The task:
When you output the records, match them exactly and omit any picture they include.

┏━━

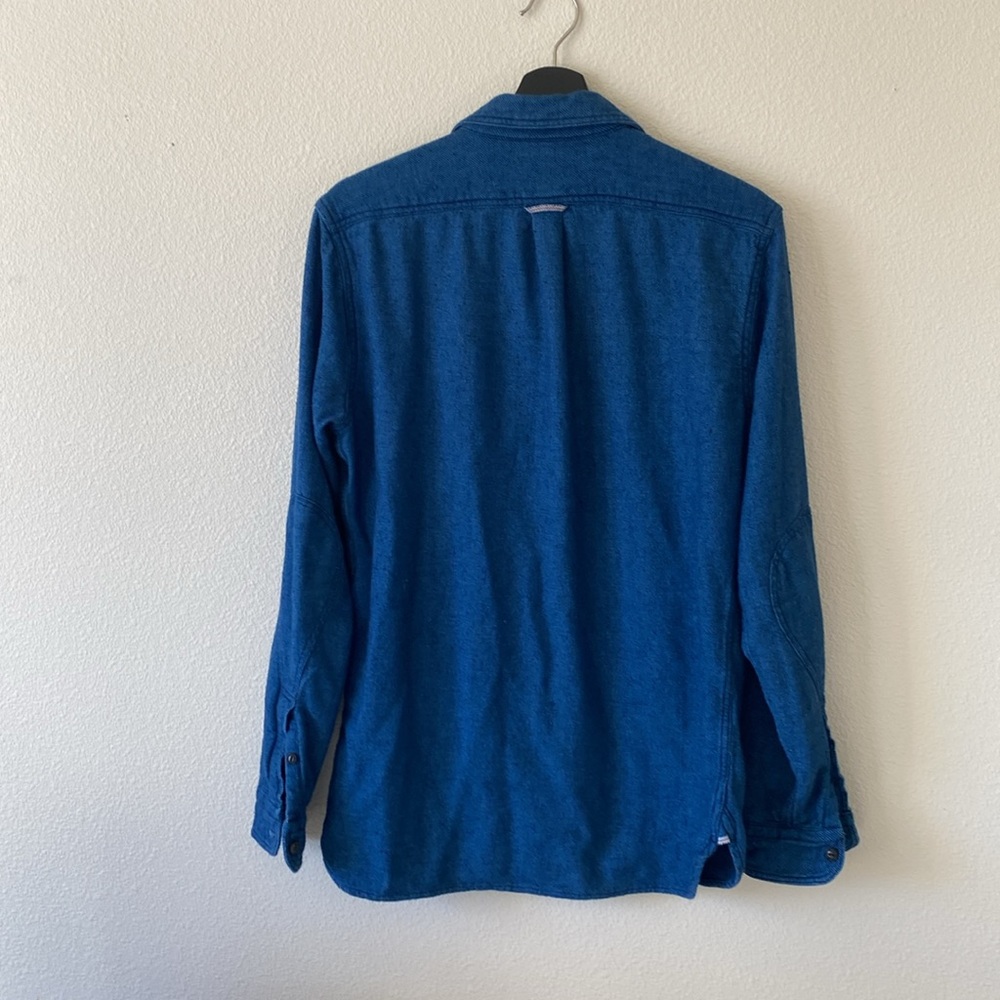 Levi’s button down
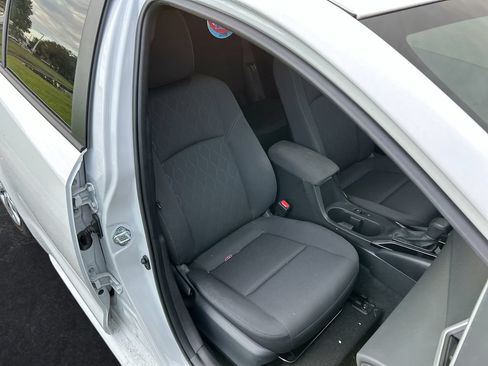 Used 2024 Toyota Corolla LE FWD image 30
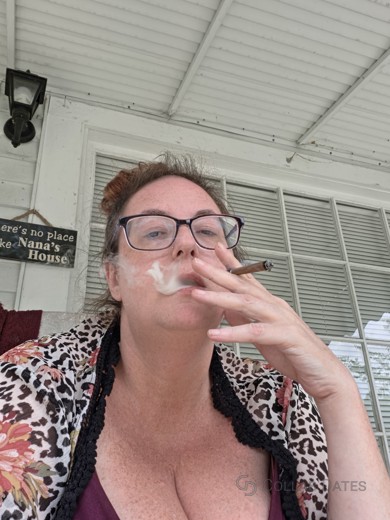 Lady Lynn's main photo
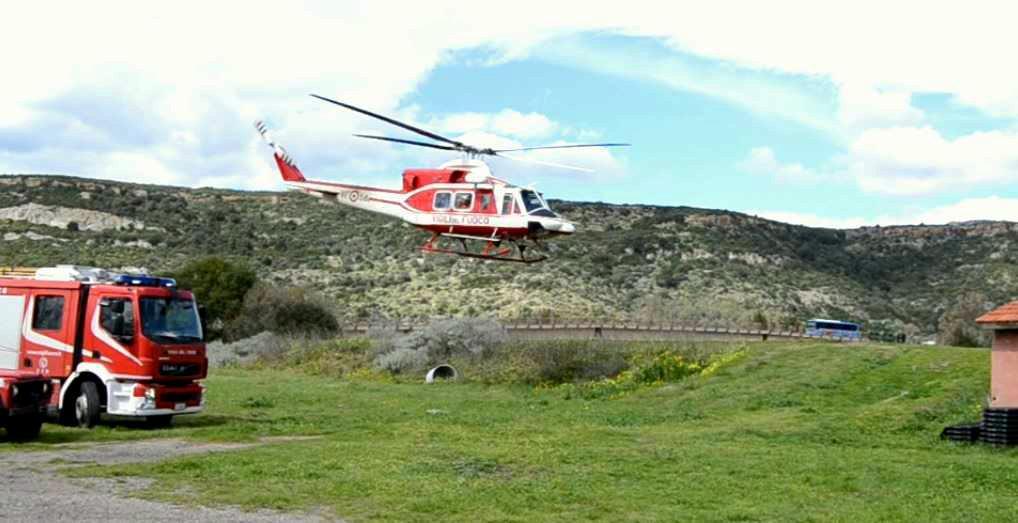 Il ferito è stato trasportato in ospedale dall'elicottero dei vigili del fuoco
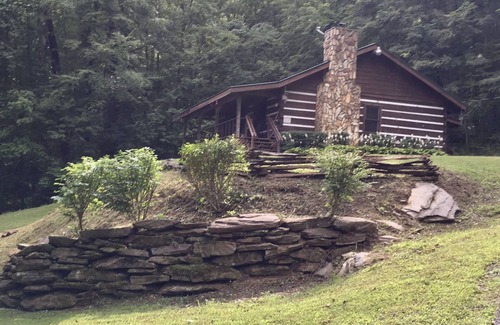 Sylva Cabin | Cozy Log Cabin! 3600' Elevation! Spectacular mountain view!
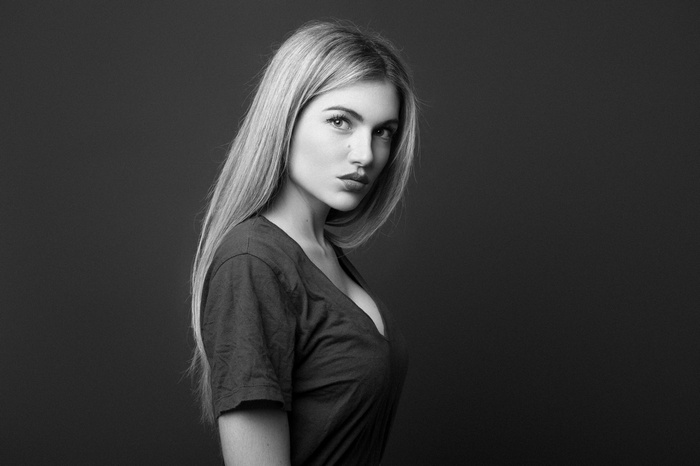 Monochrome portrait of a woman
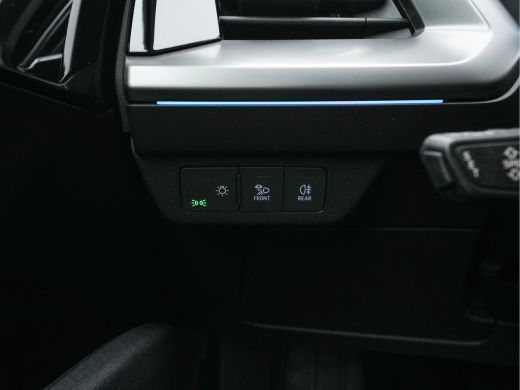 Audi Q4 e-tron 40 Launch-Edition Advanced-Plus 77 kWh [ 3-Fase ] (INCL-BTW) *HEATPUMP | ADAPT-CRUISE | MATRIX-LE... ActivLease financial lease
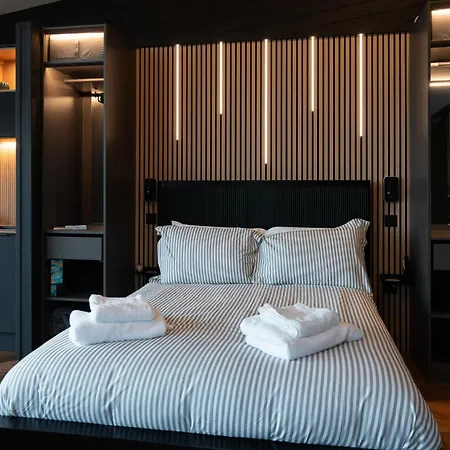 シャレー The Owl Sneaton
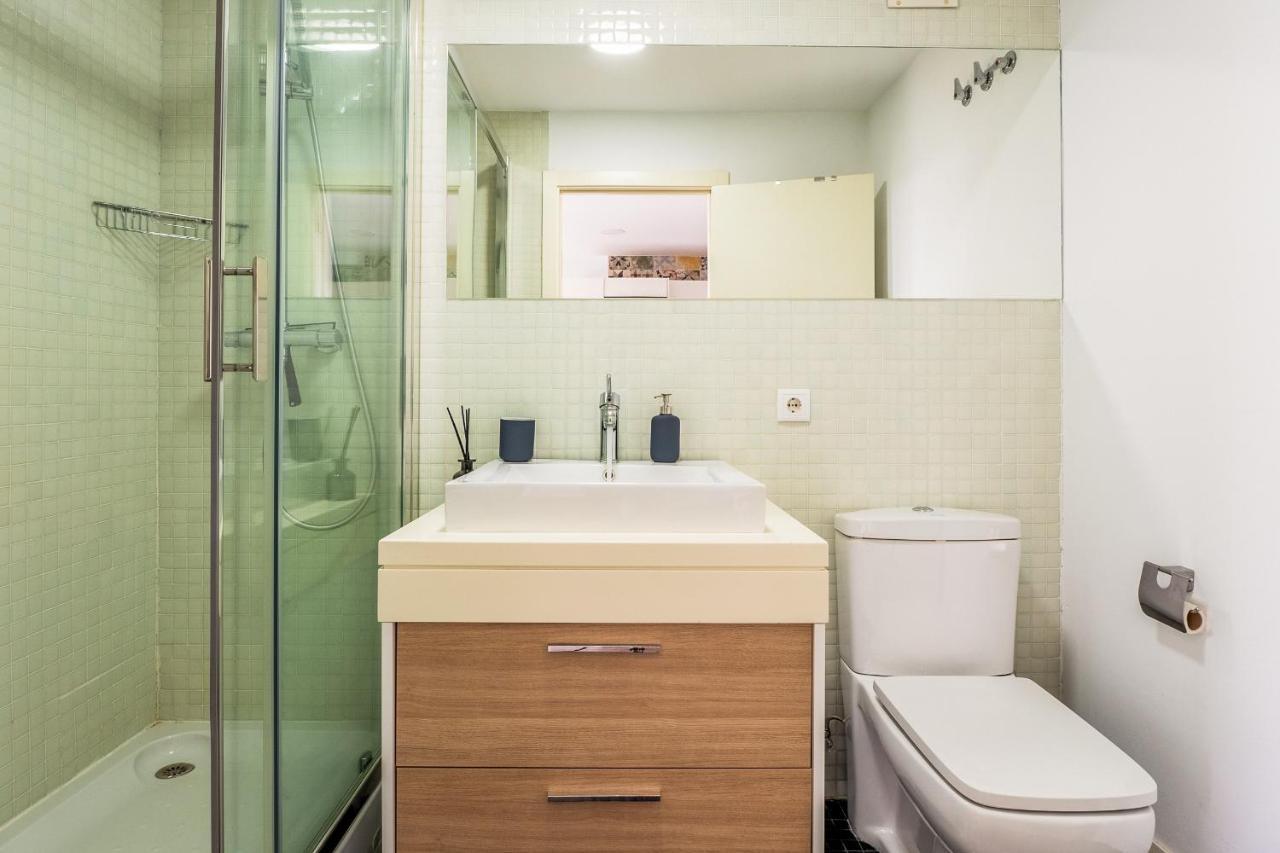 El Ventero Apartment - Elegante Apt Para 5 Con Terraza, Wi-Fi Y Aparcamiento En La Calle Camarma de Esteruelas Ngoại thất bức ảnh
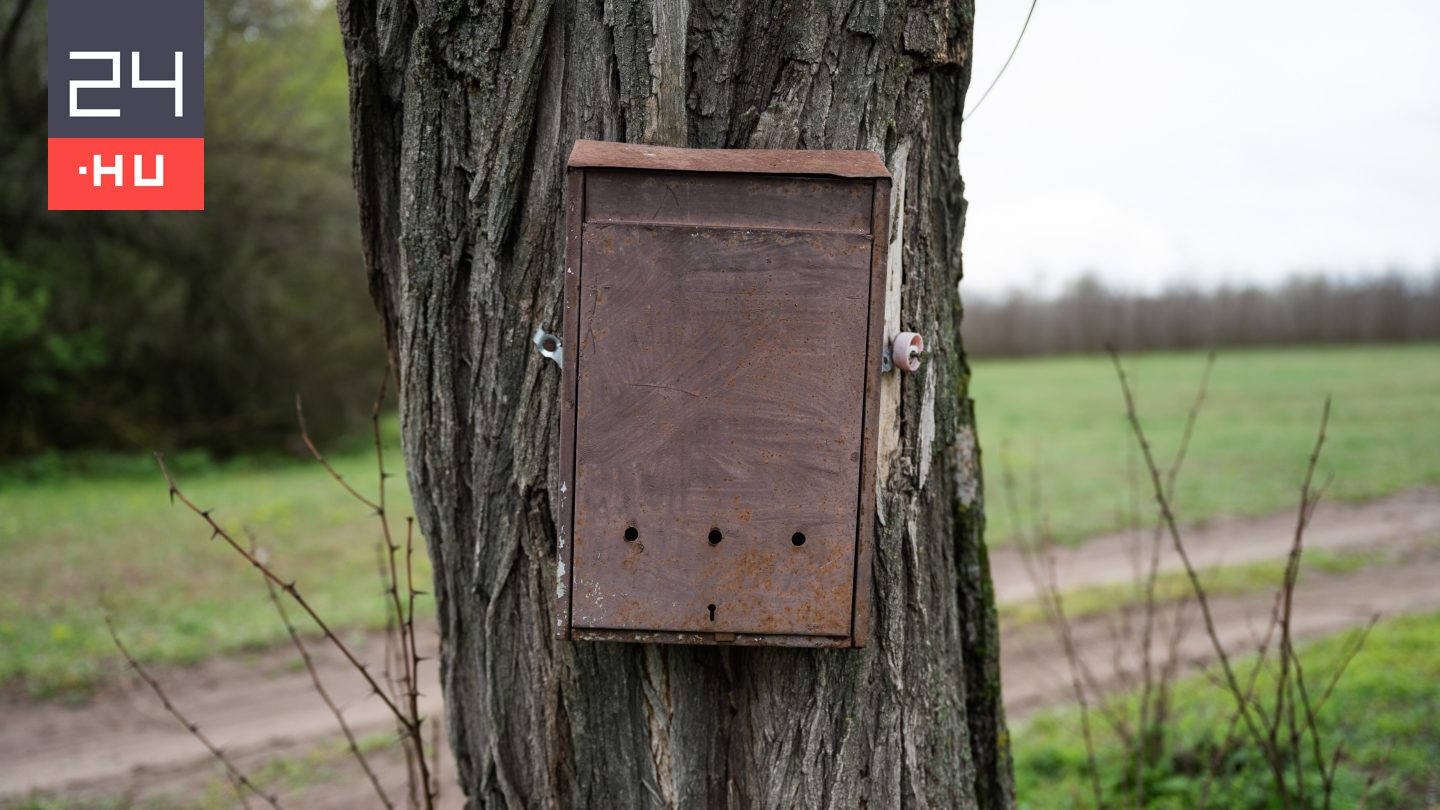 Egy somogyi kézbesítő nem hajlandó terjeszteni a Bors háborúval riogató mellékletét, 850 példány maradt nála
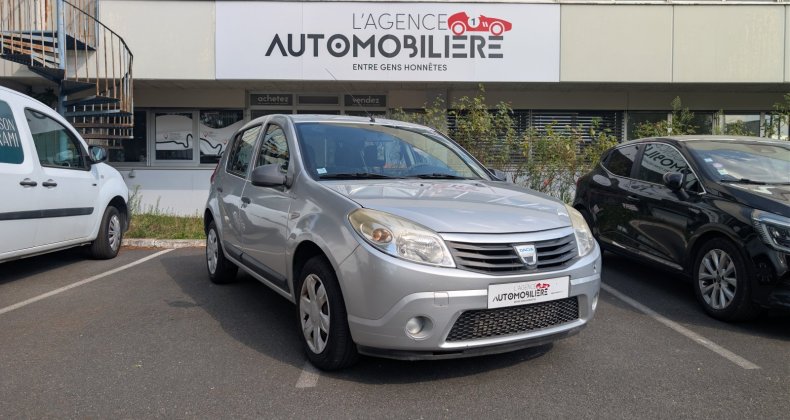 Dacia Sandero 1.5 DCI 75ch idÃ©al jeune permis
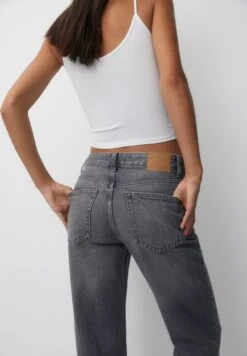 PULL & BEAR Mid Waist Jeans A SigarettaGrey Donna Jeans PUC21N0LU-C11 -Pull & Bear e36fdcb54c534ede8434d55e65700de5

┗━━

Result:
 Levi’s button down
 Used 2024 Toyota Corolla LE FWD image 30
 Lady Lynn's main photo
 Il ferito è stato trasportato in ospedale dall'elicottero dei vigili del fuoco
 Sylva Cabin | Cozy Log Cabin! 3600' Elevation! Spectacular mountain view!
 Monochrome portrait of a woman
 Audi Q4 e-tron 40 Launch-Edition Advanced-Plus 77 kWh [ 3-Fase ] (INCL-BTW) *HEATPUMP | ADAPT-CRUISE | MATRIX-LE... ActivLease financial lease
 シャレー The Owl Sneaton
 El Ventero Apartment - Elegante Apt Para 5 Con Terraza, Wi-Fi Y Aparcamiento En La Calle Camarma de Esteruelas Ngoại thất bức ảnh
 Egy somogyi kézbesítő nem hajlandó terjeszteni a Bors háborúval riogató mellékletét, 850 példány maradt nála
 Dacia Sandero 1.5 DCI 75ch idÃ©al jeune permis
 PULL & BEAR Mid Waist Jeans A SigarettaGrey Donna Jeans PUC21N0LU-C11 -Pull & Bear e36fdcb54c534ede8434d55e65700de5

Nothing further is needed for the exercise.